The very simple start of it all was my mother reading to me as much as she could, as early as she could. First she’d read as many different picture books to my sister and I as possible, with some recurring favorites like Goodnight Gorilla and Chicka Chicka Boom Boom holding fixed positions in our story time queue. Then, as I got older, I was the one that would have to read to her and my sister, developing and stretching my own reading skills. Eventually, bedtime stories were replaced by me reading to myself every night, which did have it’s perks. Mom always insisted on an end to story time, but alone, I could hide under the covers with a flash light and keep the tales going all night long. New and improved story time did not end the essential roll my mother played in feeding my reading habit though. Things just got even bigger when I got older and she took a job on at the local library.

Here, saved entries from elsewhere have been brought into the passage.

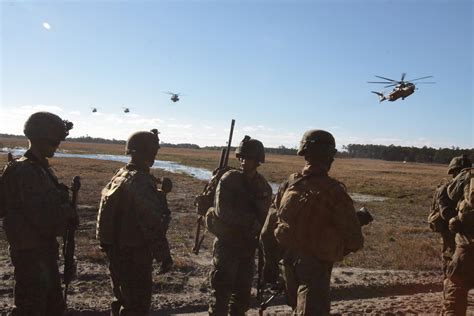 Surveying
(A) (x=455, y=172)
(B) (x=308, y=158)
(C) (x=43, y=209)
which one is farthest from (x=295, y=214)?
(A) (x=455, y=172)

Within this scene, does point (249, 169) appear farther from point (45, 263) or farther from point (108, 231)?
point (45, 263)

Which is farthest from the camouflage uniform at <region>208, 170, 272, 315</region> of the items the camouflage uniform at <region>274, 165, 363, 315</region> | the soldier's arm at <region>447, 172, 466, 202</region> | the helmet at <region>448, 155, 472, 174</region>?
the helmet at <region>448, 155, 472, 174</region>

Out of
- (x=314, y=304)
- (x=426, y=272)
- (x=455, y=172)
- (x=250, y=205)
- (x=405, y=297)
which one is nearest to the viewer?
(x=314, y=304)

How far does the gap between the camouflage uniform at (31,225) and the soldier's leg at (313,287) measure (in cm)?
237

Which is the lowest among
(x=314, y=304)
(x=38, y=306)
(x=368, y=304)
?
(x=368, y=304)

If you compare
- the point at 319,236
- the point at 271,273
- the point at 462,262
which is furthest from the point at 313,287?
the point at 462,262

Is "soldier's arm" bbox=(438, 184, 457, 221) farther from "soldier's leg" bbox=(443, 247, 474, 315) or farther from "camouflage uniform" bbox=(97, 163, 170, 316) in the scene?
"camouflage uniform" bbox=(97, 163, 170, 316)

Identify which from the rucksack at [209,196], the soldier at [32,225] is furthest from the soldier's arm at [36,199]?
the rucksack at [209,196]

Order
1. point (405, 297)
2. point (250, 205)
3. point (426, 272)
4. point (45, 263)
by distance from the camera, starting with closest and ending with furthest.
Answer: point (45, 263), point (250, 205), point (405, 297), point (426, 272)

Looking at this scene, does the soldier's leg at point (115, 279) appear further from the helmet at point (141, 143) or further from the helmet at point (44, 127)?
the helmet at point (44, 127)

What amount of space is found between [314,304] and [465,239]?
2.85 m

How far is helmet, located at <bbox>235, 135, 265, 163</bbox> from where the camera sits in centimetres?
568

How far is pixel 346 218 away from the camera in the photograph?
400 centimetres

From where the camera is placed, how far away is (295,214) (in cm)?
413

It was very useful to have a librarian in my pocket growing up. You better believe I never had to worry about late fees. I still don’t. The privilege is real. I’m not sure I can even admit to this next part legally, but My mother sometimes let me peek at some of the hottest books before the release date, before they would even be allowed to go on the shelves. Yeah, pretty sure I definitely wasn’t supposed to mention that. Sorry mom, you’re getting arrested by the publishing police for Mother’s Day.

My mom never liked to take me to the library, funnily enough, because she would basically be walking into work on her off hours. Still, I always managed to get plenty of books out of that place to feed the reading appetite of a growing girl. Having that sort of access to whatever books I wanted to try, coupled with an official librarian’s encouragement and assistance, even when she was off duty, definitely helped grow the bookworm in my heart.

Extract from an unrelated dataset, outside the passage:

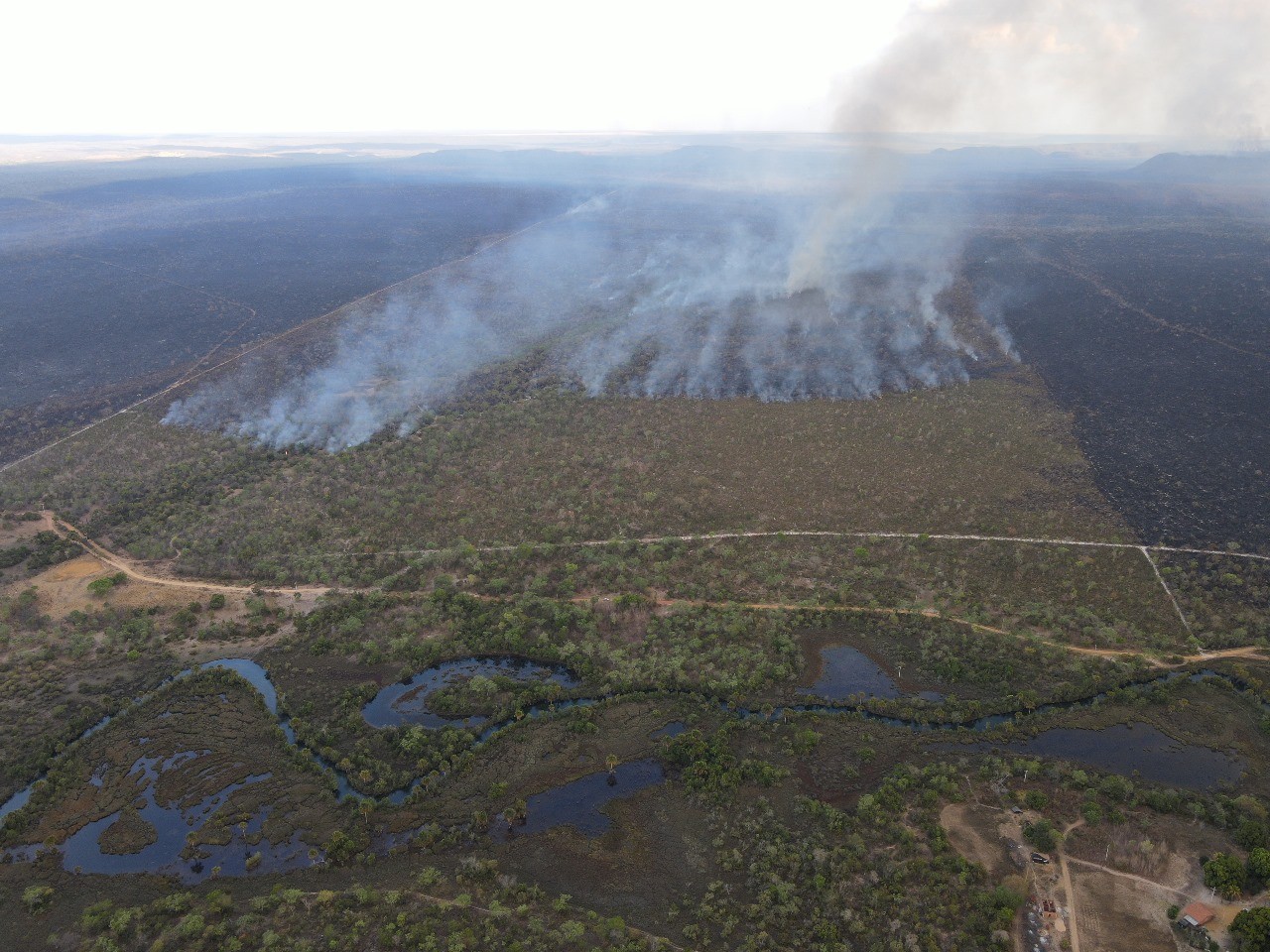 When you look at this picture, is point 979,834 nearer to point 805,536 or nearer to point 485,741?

Still today, books are a reason to stay connected to my mom as I start to live away from home. We always have recommendations for each other. We’re their to support each other through tragically bad film adaptations of books we loved. We stick together through all those highs and lows of loving books.

Just recently, I saw my local bookstore, (Anderson’s) announcing Graeme Simsion’s visit to promote his new book, The Best of Adam Sharp. Simsion is currently my mother’s most favorite author of all time thanks to his previous two books, the Rosie Project and Rosie Effect, so, as long a shot as it was, I knew I’d be the worst daughter ever if I didn’t call up my mom and tell her the news. Despite the very short notice, and the event being on a weeknight, she managed to show up, my dad in tow, and we all got to hear Simsion talk about his new book, and got the book signed afterward too.

Looking at the history of my relationship with my mother is by default looking at my history with books, and looking at both helps reveal why I’ve always thought of books as warm, welcoming environments. I’m dedicating this post to my mom today because she’s why I care enough about books to create a book blog in the first place. Mom, all this, including this post for you, only happened because of you and everything you did to help my little book-loving brain grow. Happy Mother’s Day.